Making lots of toys for kids everywhere.
We work in the morning 'till the day is done.
Then we all go home, and we haaaave a liiiiittle fun!
This began in November and went on until Christmas. I worked about 40 hours a week, and this was up for about 6-7 weeks. I heard this song over …(doing the math)…3,000 times!
::twitch::

(I noticed the next year, when I was no longer working there, they had changed the display so the kids had to pick up phones to hear the elves, so that the surrounding stores were no longer being tortured.)

I only like Jazz Christmas music (and maybe John Lennon and David Bowie). The rest of it just stinks. As for my recurring Christmas music nightmare…my dad’s boss decided they would mime Bruce’s “Santa Claus is Coming to Town”, and my dad would be the drummer. Well, he played that fuckin’ song 8 times every night for 6 weeks so he could get the drum moves EXACTLY right. He’s a drummer anyhoo, but my son and I almost shoved his drumsticks through our ears in our useless attempt to get relief from that hideous, simplistic rendition of an already shitty song.
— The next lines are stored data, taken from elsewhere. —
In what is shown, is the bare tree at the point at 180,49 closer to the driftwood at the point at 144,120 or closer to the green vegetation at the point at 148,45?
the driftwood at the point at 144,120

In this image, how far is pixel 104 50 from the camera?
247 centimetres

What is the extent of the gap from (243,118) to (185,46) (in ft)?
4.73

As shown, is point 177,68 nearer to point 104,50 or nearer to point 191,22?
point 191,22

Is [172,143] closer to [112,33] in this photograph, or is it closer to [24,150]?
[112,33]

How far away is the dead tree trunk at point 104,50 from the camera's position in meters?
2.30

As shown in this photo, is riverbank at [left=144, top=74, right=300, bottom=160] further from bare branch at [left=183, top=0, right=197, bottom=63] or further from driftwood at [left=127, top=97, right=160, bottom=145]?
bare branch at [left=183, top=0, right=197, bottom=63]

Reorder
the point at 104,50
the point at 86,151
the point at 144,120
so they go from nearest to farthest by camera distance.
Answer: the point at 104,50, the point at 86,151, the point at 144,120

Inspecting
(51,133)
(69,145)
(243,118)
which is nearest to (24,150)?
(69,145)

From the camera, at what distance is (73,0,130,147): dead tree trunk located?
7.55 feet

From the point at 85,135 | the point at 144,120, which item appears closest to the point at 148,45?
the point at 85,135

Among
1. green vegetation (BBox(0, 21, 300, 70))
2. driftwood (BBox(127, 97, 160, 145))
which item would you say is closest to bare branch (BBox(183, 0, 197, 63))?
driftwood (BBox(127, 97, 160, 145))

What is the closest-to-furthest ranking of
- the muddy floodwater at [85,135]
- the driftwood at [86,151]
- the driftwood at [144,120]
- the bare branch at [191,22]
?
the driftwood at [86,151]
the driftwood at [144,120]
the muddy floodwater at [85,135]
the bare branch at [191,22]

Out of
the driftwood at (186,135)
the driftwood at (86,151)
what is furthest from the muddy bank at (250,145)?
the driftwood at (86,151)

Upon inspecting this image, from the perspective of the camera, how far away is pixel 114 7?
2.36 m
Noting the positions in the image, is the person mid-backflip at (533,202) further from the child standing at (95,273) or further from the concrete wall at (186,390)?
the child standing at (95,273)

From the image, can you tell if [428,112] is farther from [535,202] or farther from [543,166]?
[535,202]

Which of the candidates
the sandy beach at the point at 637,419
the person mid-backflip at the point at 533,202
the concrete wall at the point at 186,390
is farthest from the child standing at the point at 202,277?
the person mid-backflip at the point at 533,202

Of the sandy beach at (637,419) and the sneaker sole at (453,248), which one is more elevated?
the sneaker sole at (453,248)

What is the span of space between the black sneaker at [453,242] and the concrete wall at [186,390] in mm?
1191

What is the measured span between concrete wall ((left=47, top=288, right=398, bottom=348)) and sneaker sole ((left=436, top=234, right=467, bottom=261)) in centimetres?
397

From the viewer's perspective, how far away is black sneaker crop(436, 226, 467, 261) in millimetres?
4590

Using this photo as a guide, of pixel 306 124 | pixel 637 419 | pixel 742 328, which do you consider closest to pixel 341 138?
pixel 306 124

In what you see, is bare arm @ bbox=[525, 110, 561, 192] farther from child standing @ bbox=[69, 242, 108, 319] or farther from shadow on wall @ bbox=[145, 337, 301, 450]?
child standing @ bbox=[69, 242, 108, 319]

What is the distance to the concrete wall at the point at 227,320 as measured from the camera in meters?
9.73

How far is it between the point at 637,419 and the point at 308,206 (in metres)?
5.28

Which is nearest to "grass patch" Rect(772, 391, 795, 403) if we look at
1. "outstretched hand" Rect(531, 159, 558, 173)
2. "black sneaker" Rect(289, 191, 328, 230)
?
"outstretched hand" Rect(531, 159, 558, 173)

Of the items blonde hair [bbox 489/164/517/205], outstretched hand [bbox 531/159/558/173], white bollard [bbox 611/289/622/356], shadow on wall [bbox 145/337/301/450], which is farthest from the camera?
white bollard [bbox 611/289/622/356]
From my post to [url="http://boards.straightdope.com/sdmb/showthread.php?s=&threadid=114802&highlight=pinocchio"another thread:

Talking ornaments were responsible for the most apocalyptic portion of my Christmas season last year.

I was in a hardware store trying to buy something, not even Christmas-related. I was nearly broke, exhausted, and the clerk discovered some kind of hold on my card. I had to stay on hold for ten minutes with the card company before they would let the transaction clear.

During this whole time, there was this display filled with bright, flashing, loud automatic Santas all clamouring in a variety of irritation subroutines. After having to endure these monstrosities while humiliated and on hold trying to get access to what little remained of my money, I was at the end of my rope. I remember distinctly thinking, This cannot possibly get any worse.

The manager walked up to the display and, without provocation, activated an automatic Pinocchio that I’d previously failed to notice. It lit up, ground with mechanisms. My world teetered and stood still, and I felt like the third-class passengers on the Titanic watching the iceberg drift up. It’s worse.

The little mouth flapped open, and the thing started to shriek this appalling Christmas pseudocarol, at about twelve octaves above middle C. CHRISTMAS IS A VEEERYYYYY SPECIAL TIME OF YEEEEEAAAAAAR!!!

It continued to yowl, adding its prepubescent, tinny scream over the caterwauling of the Santas and the canned muzak of the card people. I nearly burst into tears right there in the store. But what could I do? I was trapped on the phone. I had to endure that little torture device until it was good and finished. I had my transaction approved, fled the store, and hid under the bed.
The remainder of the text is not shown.